- What to do
Output all the data exactly. Pictures do not belong in the copy.

- Exercise materials
· · · · ·
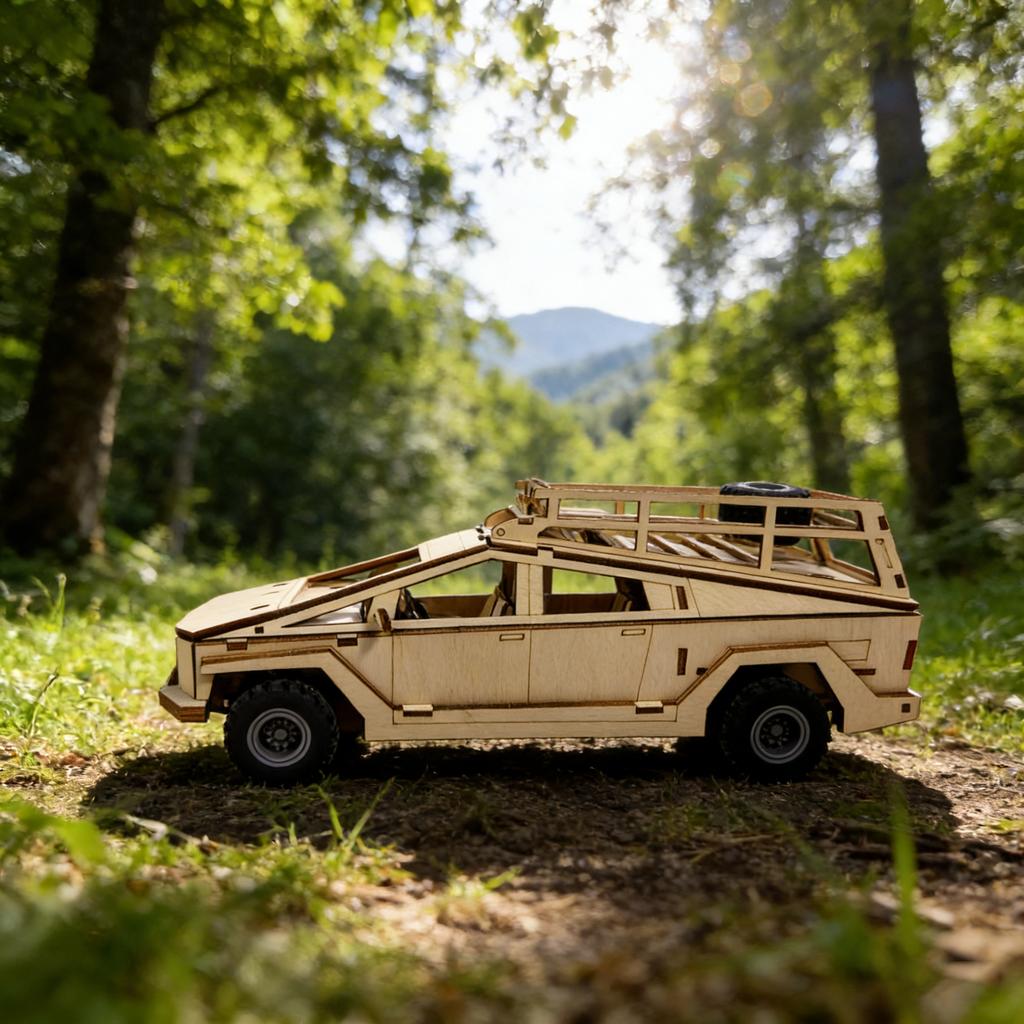 1 Wooden 3D Puzzle Travel Van DO-IT-YOURSELF Wooden Assembly Miniature Imaginative Holiday Decor Present Perfect Ideal for Family Assembly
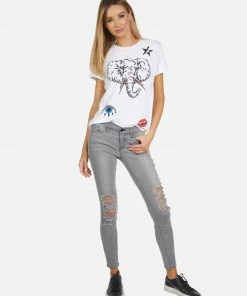 Lauren Moshi Short Sleeve Edda Elephant Elements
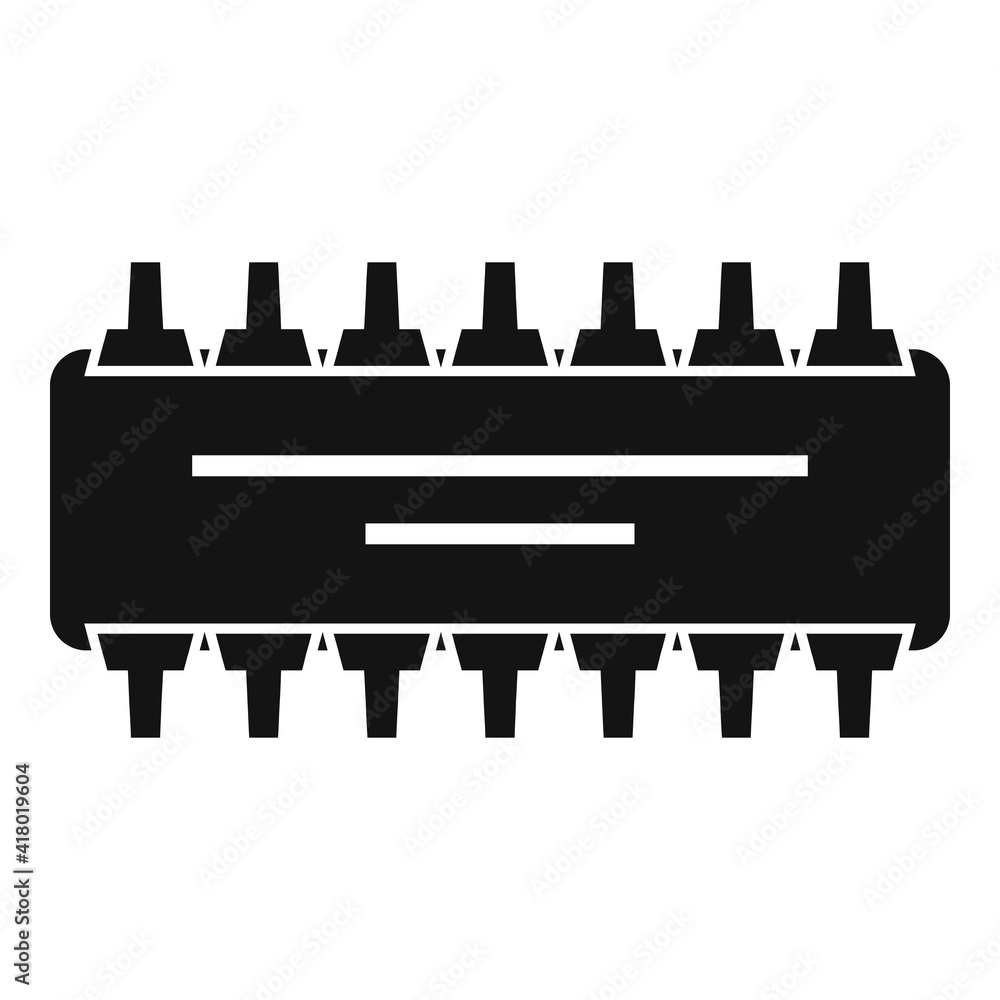 Aufkleber radio amplifier icon. simple illustration of radio amplifier vector icon for web design isolated on 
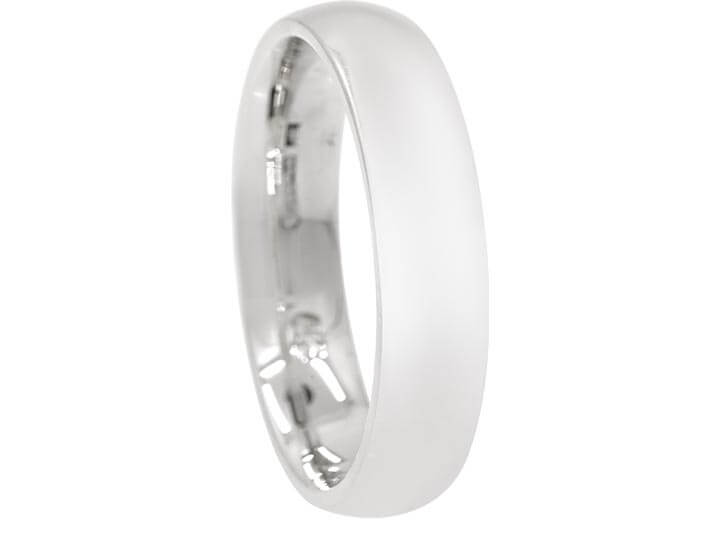 Classic 9ct White Gold Wedding Ring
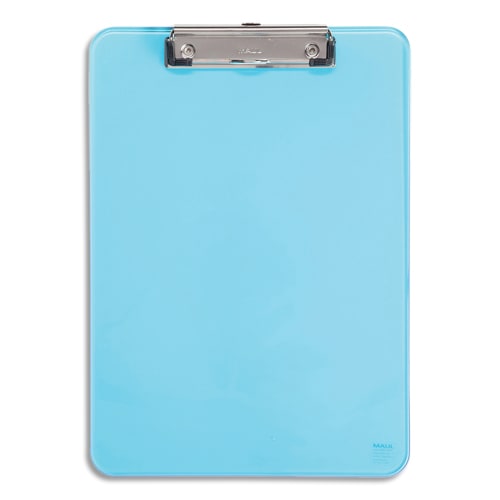 MAUL Porte-bloc simple A4 en polypropylène avec pince métal. Coloris bleu photo du produit Principale L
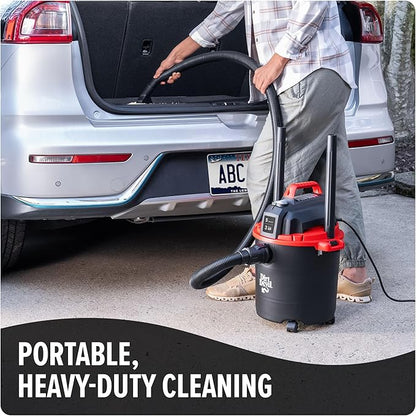 Dirt Devil 5 Gallon Corded Wet Dry Shop Vacuum, Portable, Heavy Duty Vacuum for Garage, Home, Workshop or Vehicle, Compact Design with Versatile Tools, Wet/Dry Shop Vac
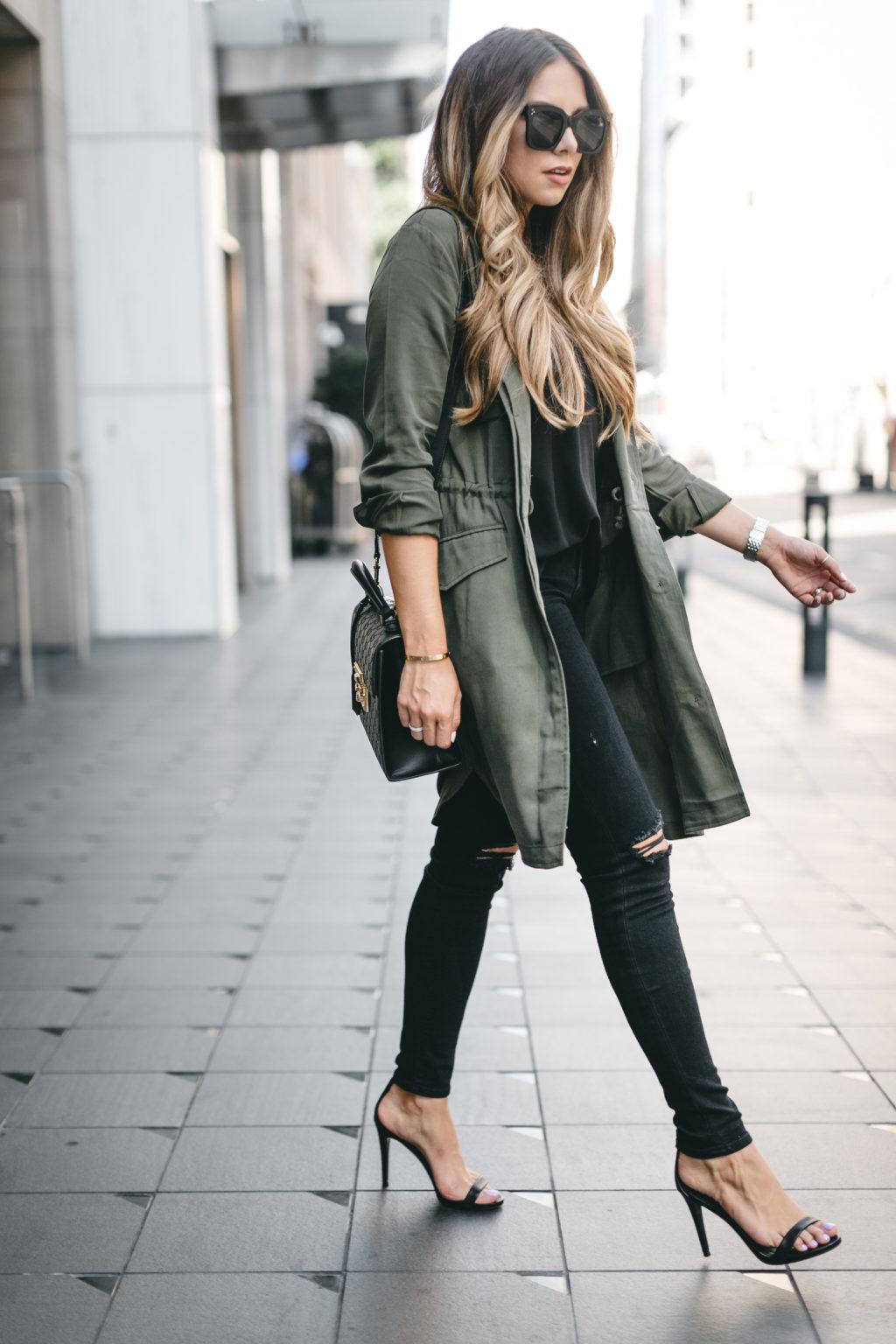 Army Green Trench Coat | The Teacher Diva: a Dallas Fashion Blog featuring  Beauty & Lifestyle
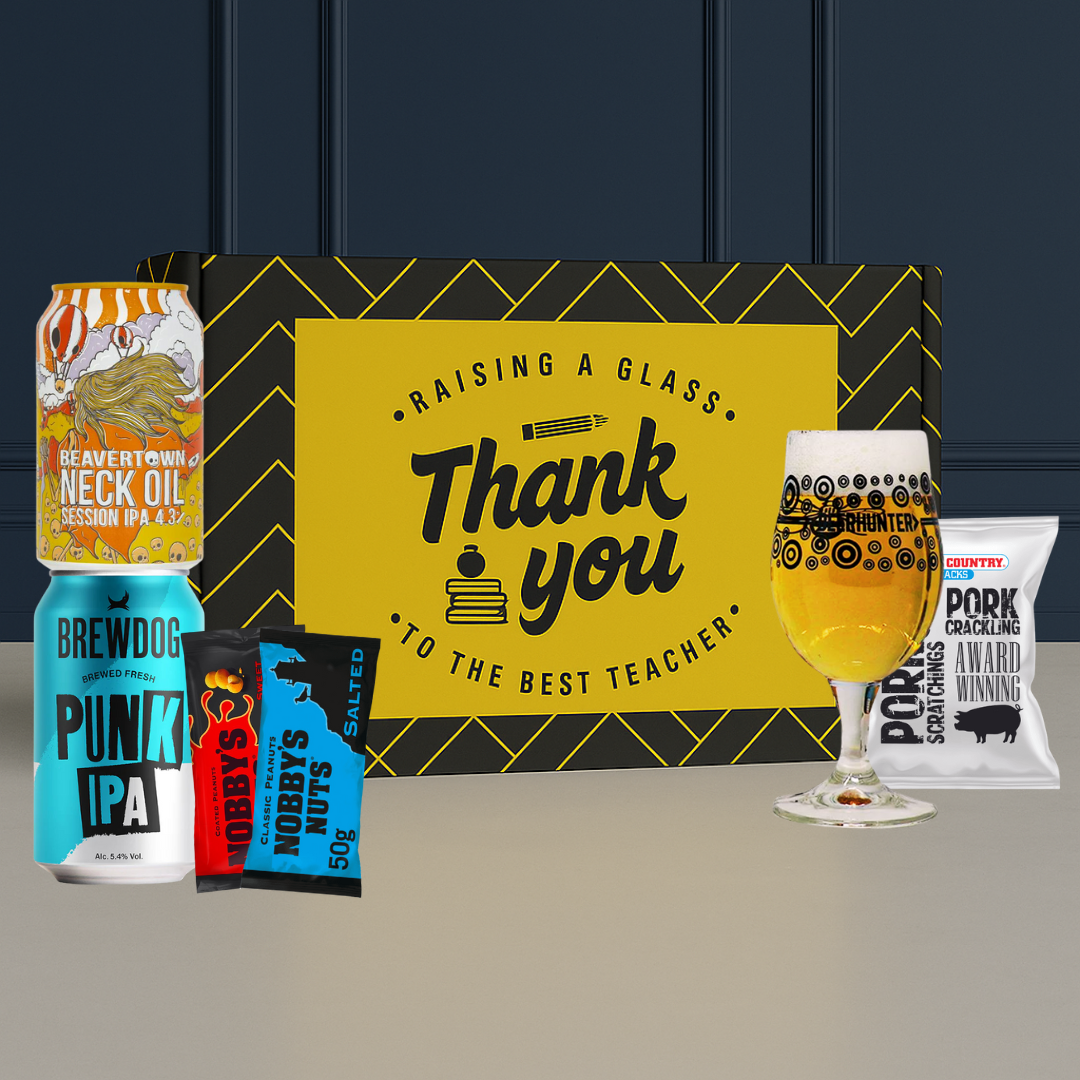 Thank You Teacher Gift Set Featuring BrewDog, Beavertown &amp; Pub Snacks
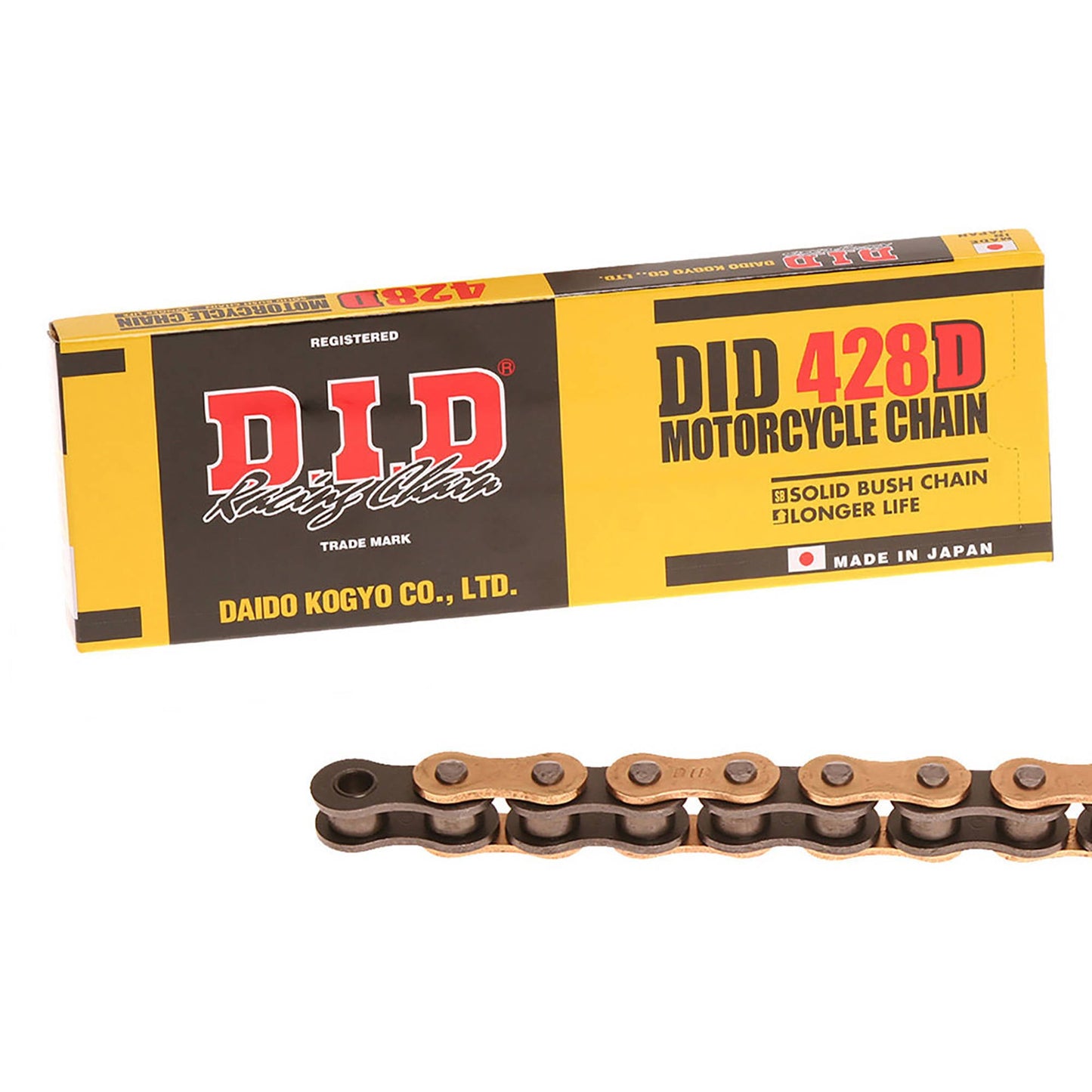 DID Chain 428 Standard (RJ) - Gold / Black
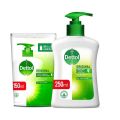 Dettol Clean Hands Kit - Handwash Pump Original 250ml + Handwash Refill Original 150ml Pack of 2. 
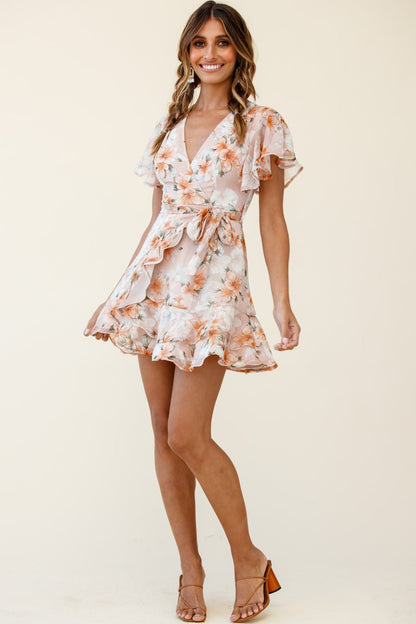 Spring Beginnings Dress - Beige Floral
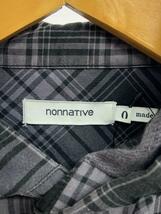 nonnative◆フードシャツ/コットン/GRY/チェック_画像3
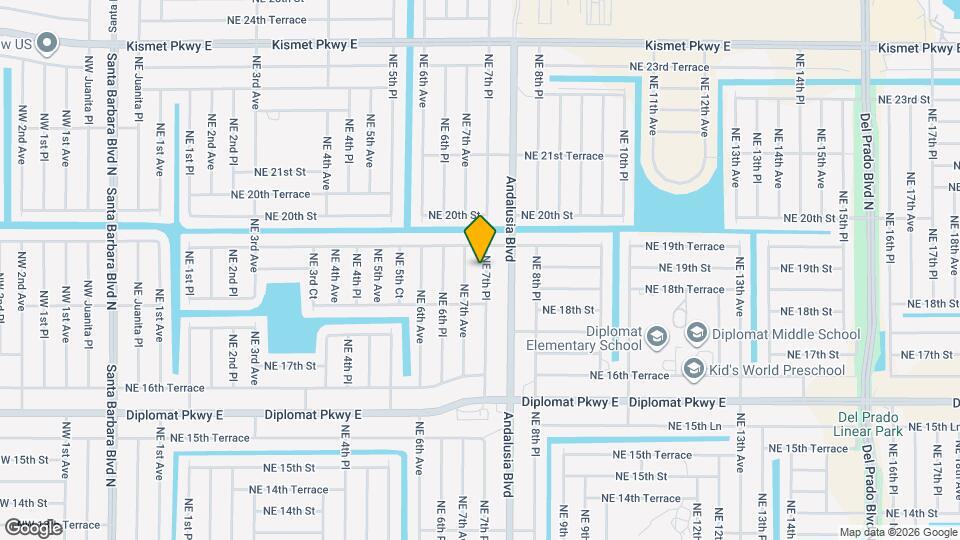 1824 NE 7th Pl Map and Location Details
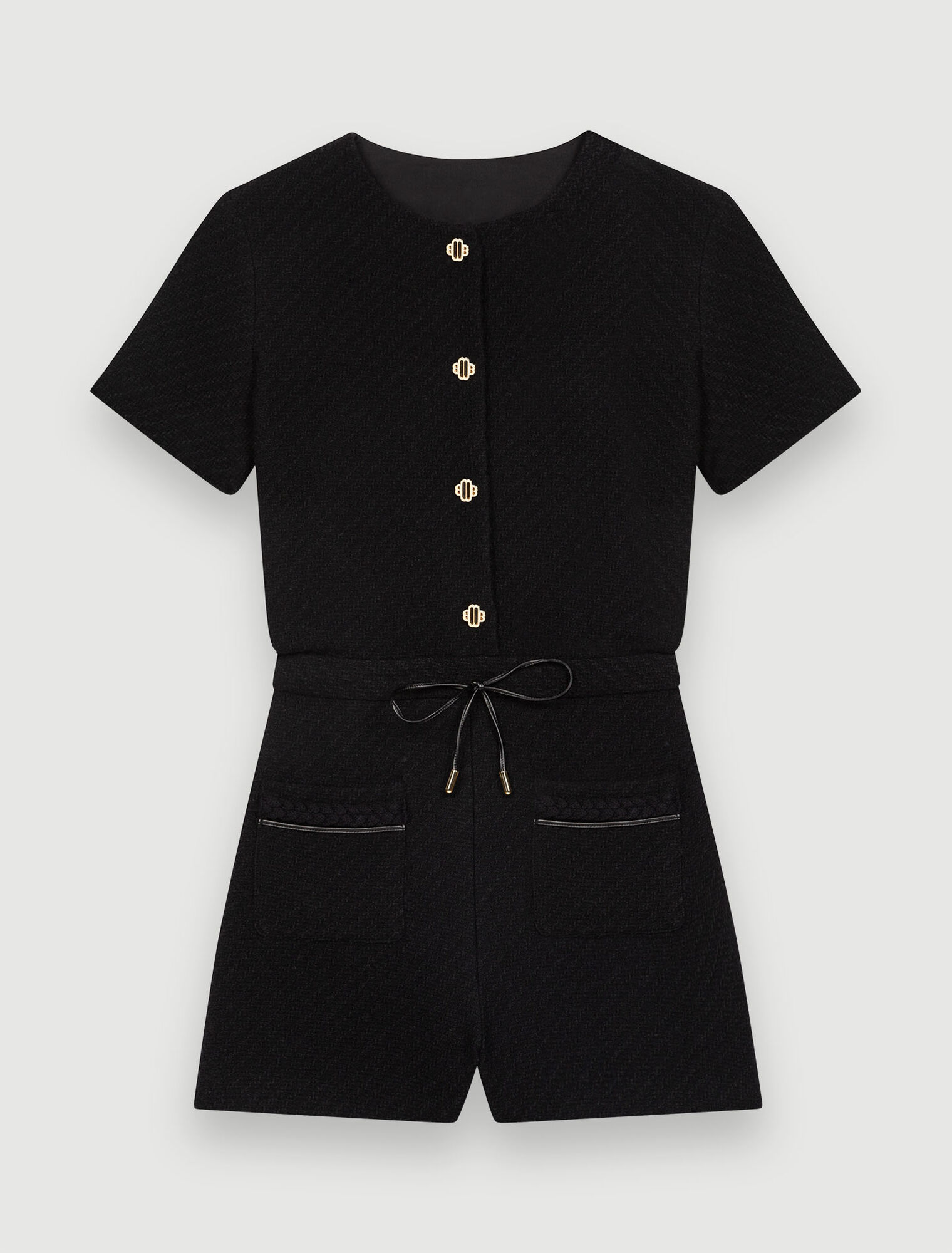 Black tweed playsuit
· · · · ·
- Task result
 1 Wooden 3D Puzzle Travel Van DO-IT-YOURSELF Wooden Assembly Miniature Imaginative Holiday Decor Present Perfect Ideal for Family Assembly
 Lauren Moshi Short Sleeve Edda Elephant Elements
 Aufkleber radio amplifier icon. simple illustration of radio amplifier vector icon for web design isolated on 
 Classic 9ct White Gold Wedding Ring
 MAUL Porte-bloc simple A4 en polypropylène avec pince métal. Coloris bleu photo du produit Principale L
 Dirt Devil 5 Gallon Corded Wet Dry Shop Vacuum, Portable, Heavy Duty Vacuum for Garage, Home, Workshop or Vehicle, Compact Design with Versatile Tools, Wet/Dry Shop Vac
 Army Green Trench Coat | The Teacher Diva: a Dallas Fashion Blog featuring  Beauty & Lifestyle
 Thank You Teacher Gift Set Featuring BrewDog, Beavertown &amp; Pub Snacks
 DID Chain 428 Standard (RJ) - Gold / Black
 Dettol Clean Hands Kit - Handwash Pump Original 250ml + Handwash Refill Original 150ml Pack of 2. 
 Spring Beginnings Dress - Beige Floral
 nonnative◆フードシャツ/コットン/GRY/チェック_画像3
 1824 NE 7th Pl Map and Location Details
 Black tweed playsuit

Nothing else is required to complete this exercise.